Week 4 : Factorial ANOVA with Jamovi

Learning Objectives

	Quantitative Methods
	Understand and interpret ANOVA outputs

	Data Skills
	Two-way between-participants ANOVA
	Two-way repeated measures ANOVA
	Two-way mixed ANOVA

	Open Science
	Working with openly available research data

NoteToday’s session

In today’s session we will explore more complicated ANOVA designs. The real power of ANOVA is that it allows us to examine interactions between two or more variables so we can examine how different factor combinations affect our participants.

• There are three ways in which we can set up a study to explore two factors with two levels each:

  1. A different group of participants takes part in each condition (independent/between-participants 2x2 design).
  2. The same group of participants takes part in all conditions (repeated measures/within-participants 2x2 design).
  3. Two different groups of participants take part in two conditions each (mixed 2x2 design).

• In lectures and computer practicals, we will also talk about how:

  • A factorial ANOVA can have more than two conditions on each of its factors – just as a one-way ANOVA has three or more conditions on one factor.

    1. E.g. a two-way ANOVA might have one factor with three conditions and one with four. This would be called a ‘3x4’ design.
    2. If a factor with more than 2 conditions has a significant main effect, we need to follow up using a post-hoc comparison as we would do for a one-way ANOVA.

• A factorial ANOVA can have more than two factors. This means that there are more interactions to consider and interpret.

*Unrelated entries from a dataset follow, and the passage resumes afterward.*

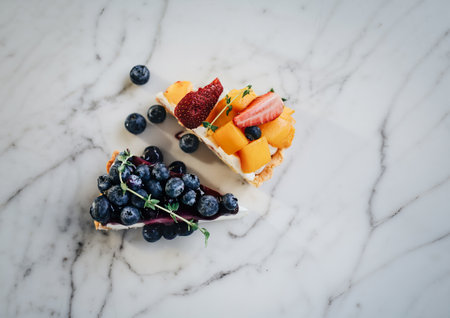 Tasty blueberry pie and mango with strawberry tart on white marble table backgroundの写真素材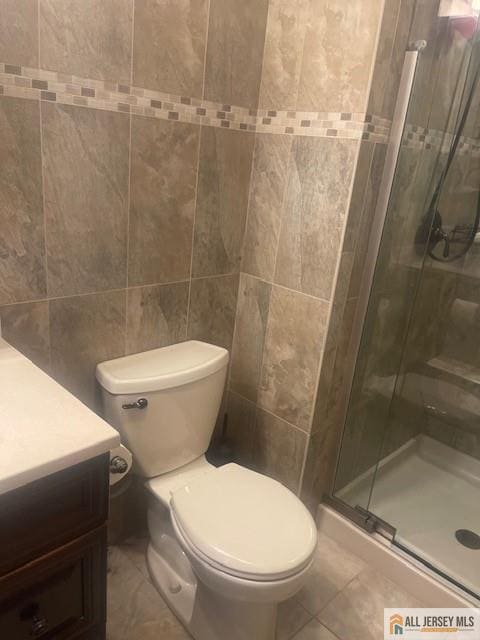 full bath with vanity, toilet, a stall shower, and tile patterned flooring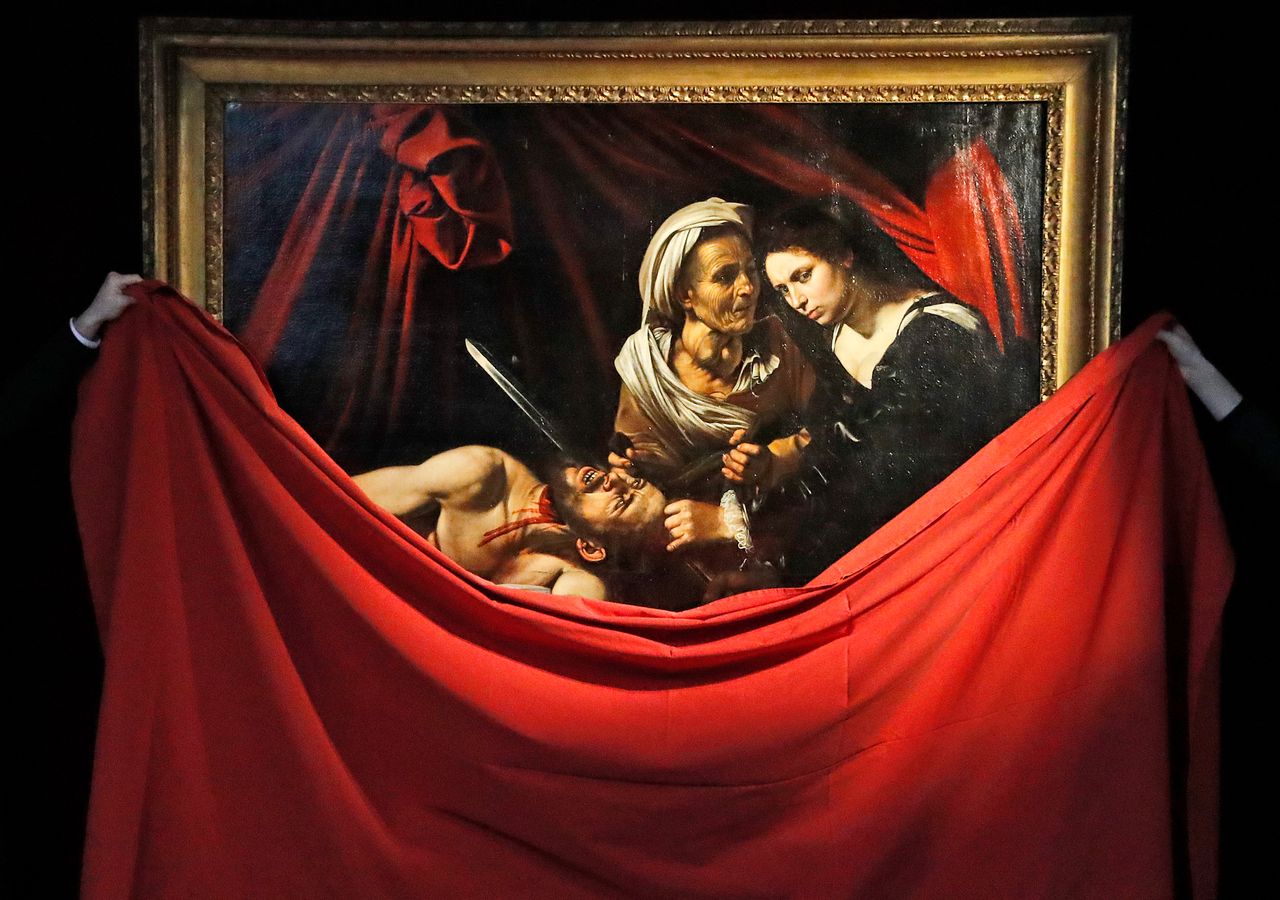 The Caravaggio "Judith and Holofernes" painting is unveiled at the Colnaghi Gallery in London, on Feb. 28, 2019. The painting, lost in Amsterdam in 1617, was rediscovered in an attic in a Toulouse farmhouse in 2014.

Usually our research questions and hypotheses play an important role in interpreting these interactions.

  1. E.g. a three-way ANOVA might have three factors with two conditions each – this is called a ‘2x2x2’ design.

  2. Designs can be extended by using more conditions (e.g. 2x2x3 designs) or by adding more factors (e.g. 2x2x2x2 designs). The same principles apply:

     1. If there are more than two conditions and a significant effect, a post-hoc is needed to identify which conditions are different to each other.
     2. If there more factors, there will be more interactions to interpret.

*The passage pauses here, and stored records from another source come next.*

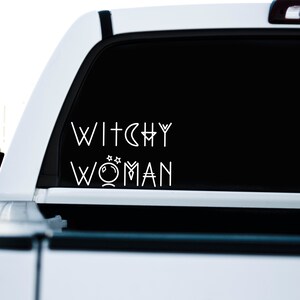 May include: A white truck with a black rear window. The window has a white vinyl decal that reads "Witchy Woman" with a crescent moon and a crystal ball graphic.
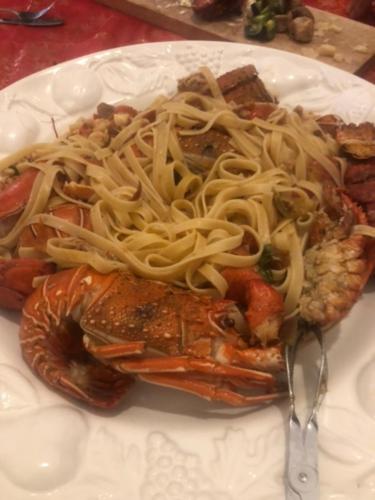 a plate of food with spaghetti on top of meat at Villa Francesca - Manfredi Homes&Villas in Monte SantʼAngelo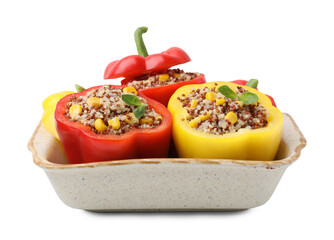Quinoa stuffed bell peppers and basil in baking dish isolated on white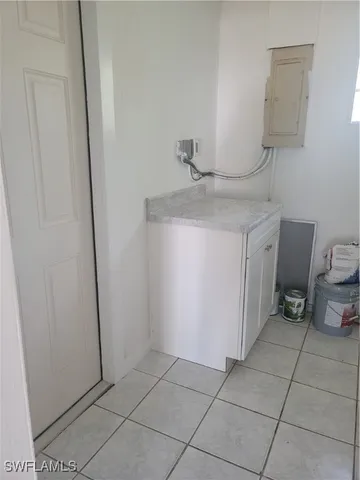 a bathroom with a granite countertop sink and a toilet
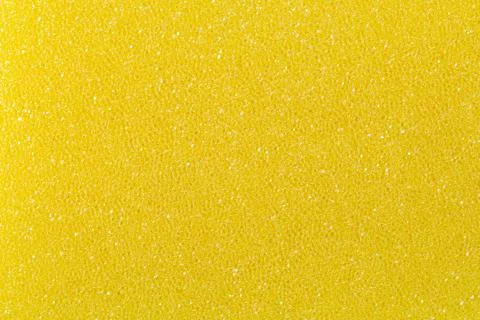 Closeup Abstract background of yellow scrub sponge Stock Photos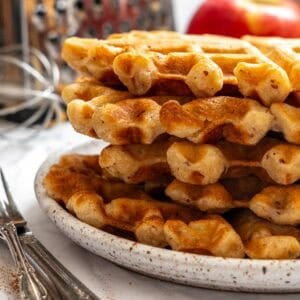 Completed Apple Cinnamon Waffles (Eggless) stacked on a plate.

1. Two between-participants IVs: 2x2 independent ANOVA

• In this example, we want to test if using the word “certain”, with either “It is” or “I am” as a prefix, influences someone’s decision making (whether they intend to make a bet). This factor is called communication mode, with two levels: internal (“I am”) vs. external (“It is”).

• We also want to test if the speaker’s expertise (novice vs. expert) affects intention to bet and if expertise interacts with the effect of the communication mode.

• Hypotheses:

  1. We predict that internal mode of communication will have a greater influence on intention to bet than external mode of communication, and that a recommendation from an expert will have a greater effect upon intention to bet than a recommendation from a novice.

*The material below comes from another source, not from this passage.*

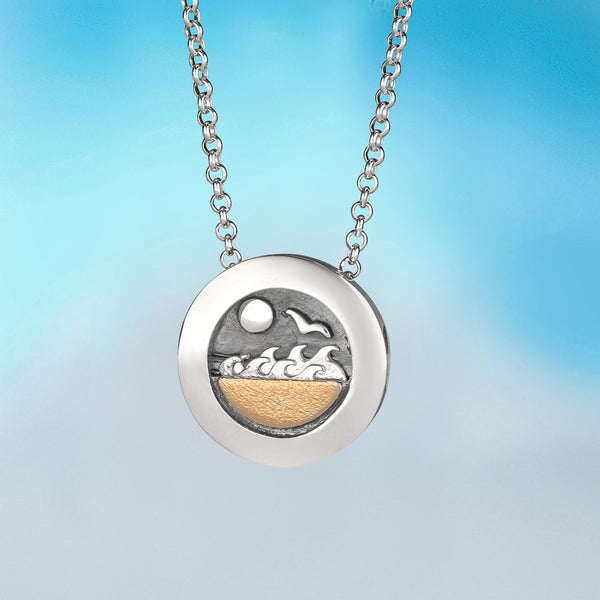 silver kinetic pendant by Contemporary Irish Jewellery Alan Ardiff which features a gold beach landscape that creates rolling waves as you move the chain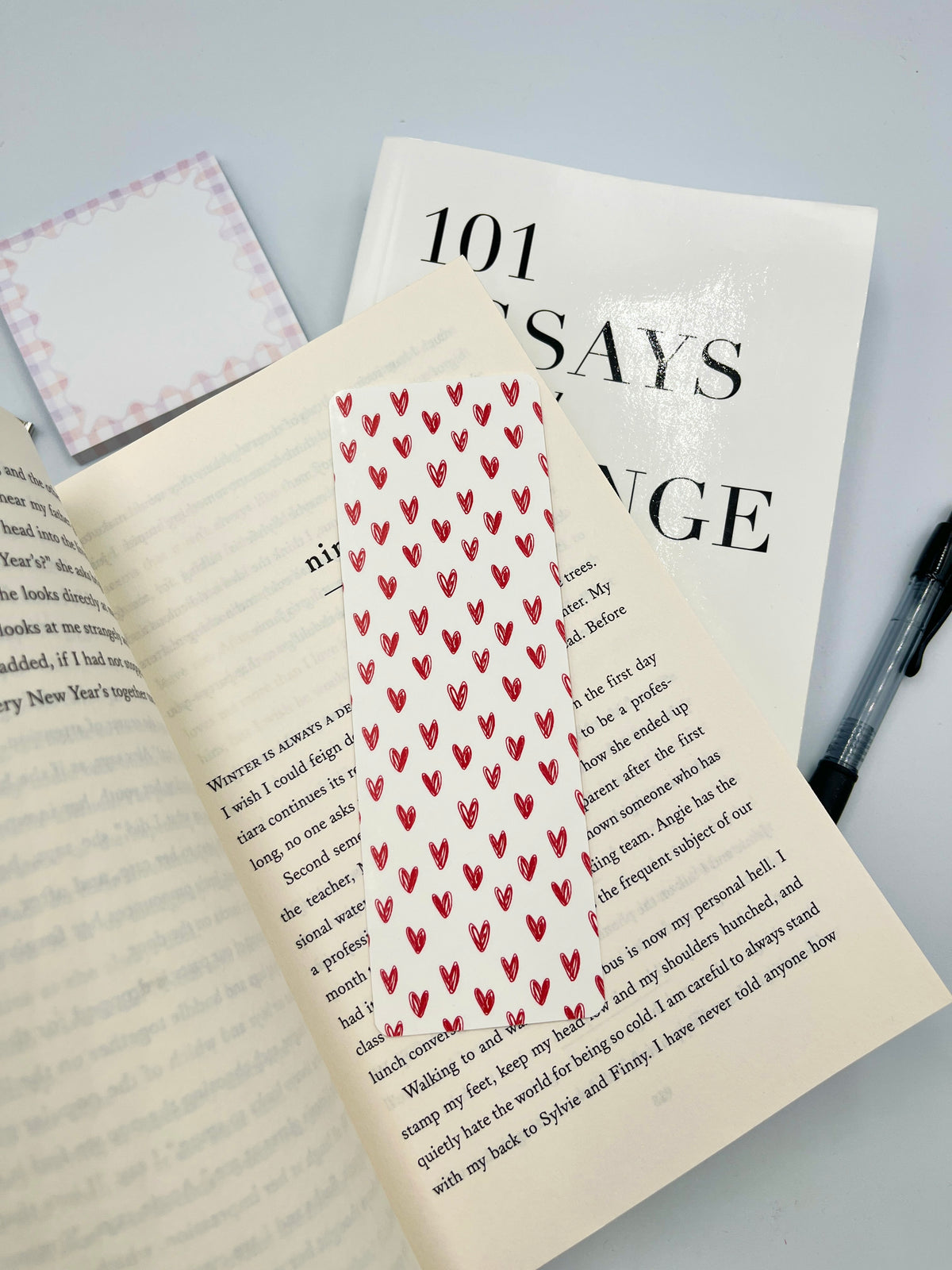 Red heart patterned fabric bookmark on white paper, pointed top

  2. We expect this difference between experts and novices to be particularly pronounced for the internal mode of communication, such that an expert saying ‘I am certain’ will be particularly influential for intention to bet. [<- this part predicts an interaction.]

• Different participants should take part in each condition of this experiment to avoid confounding of decision-making from previous experiences with the task.

• The data need to be entered like this on Jamovi:

Communication mode (nominal variable with values 1 and 2) [grouping variable 1]	Expertise (nominal variable with values 0 and 1) [grouping variable 2]	Intention to bet (scale variable; for intention to bet, each participant’s individual score is recorded)
1 (where 1 = external)	0 (where 0 = novice)	Data for group 1. Each row has the same value for communication mode (i.e. 1) and for expertise (i.e. 0)
1 (where 1 = external)	1 (where 1 = expert)	Data for group 2. Each row has the same value for communication mode (i.e. 1) and for expertise (i.e. 1)
2 (where 2 = internal)	0 (where 0 = novice)	Data for group 3. Each row has the same value for communication mode (i.e. 2) and for expertise (i.e. 0)
2 (where 2 = internal)	1 (where 1 = expert)	Data for group 4. Each row has the same value for communication mode (i.e. 2) and for expertise (i.e. 1)

Walk-Through Example 9 “The effects of communication mode and speaker expertise upon intention to bet”

Inspect the Data

1. Download and open the RMC_NM1_uncertainties_2x2_between.sav dataset
2. With two independent factors, you need two grouping variables, one for each factor, and a scale variable for the DV. The condition a participant took part in is determined by the combination of the two grouping variables.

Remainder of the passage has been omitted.